Where business currently falls short, though, is in embracing role models. Lord Browne regretted not being more open about being gay when he was CEO of BP, and it’s sad that many corporate leaders still feel that they have to live in the closet. The more that corporations can highlight the LGBT people among their leadership, the quicker these societal transformations will be encouraged. That said, if you look at the number of business or political leaders coming out now compared to a decade ago, we’re seeing good progress.
Do you think the international community is a good driver for LGBT rights?

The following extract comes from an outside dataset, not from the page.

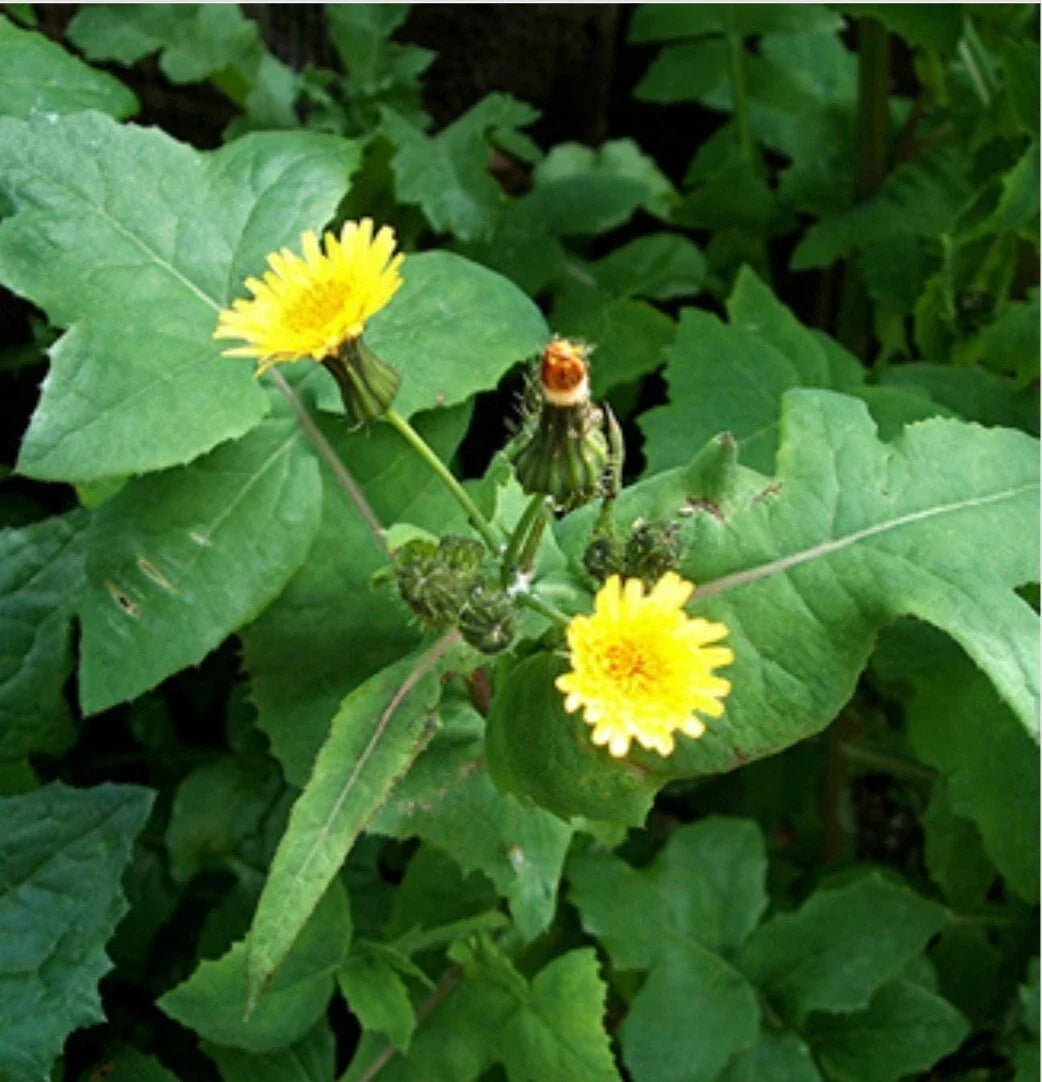 Smooth Sowthistle Seeds - Organic Non-GMO Medicinal Herb Seeds for Herbal Remedies, Sonchus oleraceus, 30 Pack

Positive action is taken at several different levels – local, national and global. What happened at the UN is important as part of the effort to legitimise LGBT rights; to have such an overwhelmingly positive vote is an important rebuke to those governments that want to pretend homophobia and bigotry are consistent with international human rights standards. They’re not.
Other things the international institutions can do is to collect information on the treatment of the LGBT community worldwide to probe governments that fall short of recognition of its rights. Perhaps most critical, though, is to defend the political space in which local human rights and LGBT activists operate. International multi-stakeholder organizations, such as the World Economic Forum, could clearly play a leadership role in this debate, by holding sessions devoted to trends in the rights of LGBT people. For example, a session on best business practices with respect to LGBT rights would give an opportunity to talk about, not just the formal non-discrimination steps, but also the more personal leadership role that corporations might play.
What kind of challenges have civil rights groups faced over the past decade?
Ten years ago we created a formal LGBT programme within Human Rights Watch, because we wanted to make the point that LGBT rights are an essential part of the human rights agenda. One of our first real interventions took place in Egypt, where there had been a crackdown and a raid on what was called the Queen Boat; this was literally a boat in the Nile that had been a gay bar, and the occupants were arrested and brutally beaten by the police.
Human Rights Watch put out a protest, but a few of our Egyptian colleagues objected, claiming that homosexuality was immoral conduct, and the repression of gays was not a human rights issue. They feared that their broader human rights work would be discredited if they took on LGBT rights. Now times have changed and you don’t hear that argument anymore; there is a vigorous Egyptian movement that embraces LGBT rights as part of its broader human rights programme. But this shows the pressures that civil society groups can face as they take on an area that has been circumscribed by homophobia and regressive views. …
What is your biggest hope and biggest concern for the future of LGBT rights?
Obviously, this backlash is my biggest concern at the moment. In terms of hope, homophobia is still one of the last acceptable forms of bigotry in some regions, and my hope is that that changes.